Short text fragments from websites
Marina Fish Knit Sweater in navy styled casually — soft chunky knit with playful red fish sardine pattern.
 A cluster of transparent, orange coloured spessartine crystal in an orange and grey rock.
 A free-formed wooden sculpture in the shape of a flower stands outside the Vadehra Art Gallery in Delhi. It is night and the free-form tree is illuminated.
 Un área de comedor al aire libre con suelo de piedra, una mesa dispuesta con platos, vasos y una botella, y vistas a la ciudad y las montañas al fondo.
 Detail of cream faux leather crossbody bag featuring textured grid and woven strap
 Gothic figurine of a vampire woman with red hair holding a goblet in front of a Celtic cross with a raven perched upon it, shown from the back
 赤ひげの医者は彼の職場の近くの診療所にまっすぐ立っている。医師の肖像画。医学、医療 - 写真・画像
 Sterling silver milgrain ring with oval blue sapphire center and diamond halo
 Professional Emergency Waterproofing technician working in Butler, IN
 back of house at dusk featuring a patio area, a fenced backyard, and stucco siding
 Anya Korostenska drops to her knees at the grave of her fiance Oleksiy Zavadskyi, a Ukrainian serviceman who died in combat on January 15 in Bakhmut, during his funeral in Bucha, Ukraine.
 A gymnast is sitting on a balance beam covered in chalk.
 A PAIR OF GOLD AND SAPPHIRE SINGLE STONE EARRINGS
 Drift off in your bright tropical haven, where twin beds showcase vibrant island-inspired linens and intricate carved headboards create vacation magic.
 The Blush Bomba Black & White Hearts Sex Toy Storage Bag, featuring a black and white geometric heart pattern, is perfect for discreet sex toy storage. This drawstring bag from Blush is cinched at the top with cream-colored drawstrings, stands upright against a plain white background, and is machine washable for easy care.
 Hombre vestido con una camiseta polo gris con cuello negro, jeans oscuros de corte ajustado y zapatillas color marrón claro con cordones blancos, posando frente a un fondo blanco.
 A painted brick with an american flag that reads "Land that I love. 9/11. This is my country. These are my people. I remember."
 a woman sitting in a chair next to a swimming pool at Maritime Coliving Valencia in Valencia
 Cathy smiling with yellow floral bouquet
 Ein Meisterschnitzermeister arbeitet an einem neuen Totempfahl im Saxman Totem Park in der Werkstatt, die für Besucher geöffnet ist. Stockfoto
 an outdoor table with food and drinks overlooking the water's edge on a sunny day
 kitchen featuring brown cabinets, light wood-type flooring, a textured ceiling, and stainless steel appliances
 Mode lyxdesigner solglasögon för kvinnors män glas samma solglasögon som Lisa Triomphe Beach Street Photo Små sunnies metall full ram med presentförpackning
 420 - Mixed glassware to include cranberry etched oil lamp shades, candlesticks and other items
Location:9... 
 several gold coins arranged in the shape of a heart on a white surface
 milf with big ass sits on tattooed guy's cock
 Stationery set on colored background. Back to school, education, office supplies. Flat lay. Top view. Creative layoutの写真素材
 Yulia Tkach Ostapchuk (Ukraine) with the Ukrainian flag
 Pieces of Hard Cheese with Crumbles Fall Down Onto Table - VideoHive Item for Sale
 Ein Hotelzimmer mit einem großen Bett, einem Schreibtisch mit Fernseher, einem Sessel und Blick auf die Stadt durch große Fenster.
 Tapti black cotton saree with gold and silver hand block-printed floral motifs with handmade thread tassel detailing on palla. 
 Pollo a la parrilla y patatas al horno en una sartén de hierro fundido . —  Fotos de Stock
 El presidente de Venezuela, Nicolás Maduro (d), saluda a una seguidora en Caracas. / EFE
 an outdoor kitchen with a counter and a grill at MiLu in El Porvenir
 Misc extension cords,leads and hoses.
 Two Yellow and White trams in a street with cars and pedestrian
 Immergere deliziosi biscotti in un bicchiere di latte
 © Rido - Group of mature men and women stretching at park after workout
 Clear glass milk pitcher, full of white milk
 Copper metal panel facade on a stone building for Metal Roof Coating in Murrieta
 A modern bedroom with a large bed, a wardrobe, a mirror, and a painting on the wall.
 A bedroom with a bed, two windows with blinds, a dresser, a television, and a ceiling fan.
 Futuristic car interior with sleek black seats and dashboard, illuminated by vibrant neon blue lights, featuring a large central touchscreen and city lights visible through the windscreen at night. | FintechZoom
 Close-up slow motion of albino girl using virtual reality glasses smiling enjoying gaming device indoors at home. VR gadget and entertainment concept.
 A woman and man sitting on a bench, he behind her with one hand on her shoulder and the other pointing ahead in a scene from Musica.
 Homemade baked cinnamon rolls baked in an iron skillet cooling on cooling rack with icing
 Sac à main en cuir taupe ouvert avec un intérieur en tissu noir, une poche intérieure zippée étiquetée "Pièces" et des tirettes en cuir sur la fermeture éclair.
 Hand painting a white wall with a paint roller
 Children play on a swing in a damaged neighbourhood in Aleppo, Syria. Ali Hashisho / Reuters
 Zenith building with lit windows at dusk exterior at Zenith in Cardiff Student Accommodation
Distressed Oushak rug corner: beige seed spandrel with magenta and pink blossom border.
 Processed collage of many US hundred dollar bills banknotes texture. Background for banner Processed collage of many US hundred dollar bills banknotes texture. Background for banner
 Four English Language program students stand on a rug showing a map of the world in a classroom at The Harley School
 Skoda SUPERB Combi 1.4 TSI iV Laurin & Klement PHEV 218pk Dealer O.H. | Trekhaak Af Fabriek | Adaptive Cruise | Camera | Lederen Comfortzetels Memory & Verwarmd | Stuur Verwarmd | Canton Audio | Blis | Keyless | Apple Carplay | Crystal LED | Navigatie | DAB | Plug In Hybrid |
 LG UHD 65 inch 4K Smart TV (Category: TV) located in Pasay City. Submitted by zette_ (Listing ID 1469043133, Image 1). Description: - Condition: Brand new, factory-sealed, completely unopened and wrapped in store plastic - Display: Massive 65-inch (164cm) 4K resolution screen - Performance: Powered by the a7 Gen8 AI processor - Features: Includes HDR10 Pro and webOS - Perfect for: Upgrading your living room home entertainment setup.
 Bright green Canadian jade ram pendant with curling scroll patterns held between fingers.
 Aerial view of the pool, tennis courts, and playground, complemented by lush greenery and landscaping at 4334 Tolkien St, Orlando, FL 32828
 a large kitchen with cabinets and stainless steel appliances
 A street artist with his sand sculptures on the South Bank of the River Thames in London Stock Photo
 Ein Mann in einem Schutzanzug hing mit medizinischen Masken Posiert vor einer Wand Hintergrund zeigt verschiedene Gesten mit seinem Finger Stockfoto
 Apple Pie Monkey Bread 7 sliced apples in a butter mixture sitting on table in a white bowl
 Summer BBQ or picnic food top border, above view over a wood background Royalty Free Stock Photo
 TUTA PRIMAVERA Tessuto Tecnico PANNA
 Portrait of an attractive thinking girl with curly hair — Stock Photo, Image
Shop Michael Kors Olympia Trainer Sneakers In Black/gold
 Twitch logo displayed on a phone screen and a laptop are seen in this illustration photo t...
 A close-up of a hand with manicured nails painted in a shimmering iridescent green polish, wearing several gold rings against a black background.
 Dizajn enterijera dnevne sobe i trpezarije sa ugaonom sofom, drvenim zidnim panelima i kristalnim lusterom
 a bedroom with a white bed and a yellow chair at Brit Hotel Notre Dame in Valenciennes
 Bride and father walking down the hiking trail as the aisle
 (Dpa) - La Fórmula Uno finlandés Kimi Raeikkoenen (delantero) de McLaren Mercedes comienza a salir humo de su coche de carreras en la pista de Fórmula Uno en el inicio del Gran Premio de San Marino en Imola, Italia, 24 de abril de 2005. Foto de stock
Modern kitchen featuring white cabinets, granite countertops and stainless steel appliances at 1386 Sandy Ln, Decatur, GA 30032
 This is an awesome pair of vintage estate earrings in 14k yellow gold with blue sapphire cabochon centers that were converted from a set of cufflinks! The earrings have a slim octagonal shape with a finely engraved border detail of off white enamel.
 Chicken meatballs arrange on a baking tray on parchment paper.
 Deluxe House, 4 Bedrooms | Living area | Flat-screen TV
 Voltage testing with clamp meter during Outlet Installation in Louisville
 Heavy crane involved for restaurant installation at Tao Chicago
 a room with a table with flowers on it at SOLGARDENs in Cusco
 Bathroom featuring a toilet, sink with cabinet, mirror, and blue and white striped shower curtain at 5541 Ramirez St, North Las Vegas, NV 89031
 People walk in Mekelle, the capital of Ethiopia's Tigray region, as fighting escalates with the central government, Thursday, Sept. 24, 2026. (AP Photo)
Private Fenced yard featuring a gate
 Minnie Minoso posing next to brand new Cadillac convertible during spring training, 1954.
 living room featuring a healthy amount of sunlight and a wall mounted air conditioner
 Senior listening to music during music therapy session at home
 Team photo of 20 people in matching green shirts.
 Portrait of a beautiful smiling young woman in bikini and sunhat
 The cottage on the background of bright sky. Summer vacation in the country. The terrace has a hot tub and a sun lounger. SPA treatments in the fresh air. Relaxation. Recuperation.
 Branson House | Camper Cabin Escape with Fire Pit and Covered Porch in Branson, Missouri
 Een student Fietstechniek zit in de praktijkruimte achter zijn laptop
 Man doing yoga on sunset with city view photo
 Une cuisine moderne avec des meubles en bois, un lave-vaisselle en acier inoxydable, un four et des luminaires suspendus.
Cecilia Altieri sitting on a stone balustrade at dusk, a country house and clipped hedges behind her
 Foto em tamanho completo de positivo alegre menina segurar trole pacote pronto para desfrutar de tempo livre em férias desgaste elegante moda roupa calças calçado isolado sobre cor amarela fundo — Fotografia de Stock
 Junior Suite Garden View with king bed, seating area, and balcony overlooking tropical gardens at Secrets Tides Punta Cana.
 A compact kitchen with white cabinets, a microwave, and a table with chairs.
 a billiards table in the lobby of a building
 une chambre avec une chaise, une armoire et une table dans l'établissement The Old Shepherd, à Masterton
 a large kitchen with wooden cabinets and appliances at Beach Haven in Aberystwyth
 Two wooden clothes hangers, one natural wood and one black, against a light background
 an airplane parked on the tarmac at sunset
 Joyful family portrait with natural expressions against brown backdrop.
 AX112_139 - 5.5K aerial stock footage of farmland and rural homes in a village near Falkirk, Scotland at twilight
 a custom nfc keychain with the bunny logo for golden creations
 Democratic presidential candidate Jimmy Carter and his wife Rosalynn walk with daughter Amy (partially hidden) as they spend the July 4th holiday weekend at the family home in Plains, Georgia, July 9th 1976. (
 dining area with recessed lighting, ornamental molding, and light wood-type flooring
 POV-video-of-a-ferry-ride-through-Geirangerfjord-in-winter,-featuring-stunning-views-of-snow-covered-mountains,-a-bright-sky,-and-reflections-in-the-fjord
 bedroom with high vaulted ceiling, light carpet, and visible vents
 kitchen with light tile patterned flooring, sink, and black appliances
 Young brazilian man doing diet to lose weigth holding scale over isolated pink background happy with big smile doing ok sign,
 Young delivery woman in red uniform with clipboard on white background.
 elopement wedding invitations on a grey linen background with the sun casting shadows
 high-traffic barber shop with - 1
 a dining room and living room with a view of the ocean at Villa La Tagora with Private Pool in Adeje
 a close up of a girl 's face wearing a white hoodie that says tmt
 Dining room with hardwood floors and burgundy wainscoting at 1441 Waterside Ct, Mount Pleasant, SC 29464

• _WHAT YOU HAVE TO DO_
Copy word for word the stretch of entries above from the line that has "Two wooden clothes" through the line that has "Joyful family portrait", both ends included, and nothing outside it.

• _WRITTEN SOLUTION_
 Two wooden clothes hangers, one natural wood and one black, against a light background
 an airplane parked on the tarmac at sunset
 Joyful family portrait with natural expressions against brown backdrop.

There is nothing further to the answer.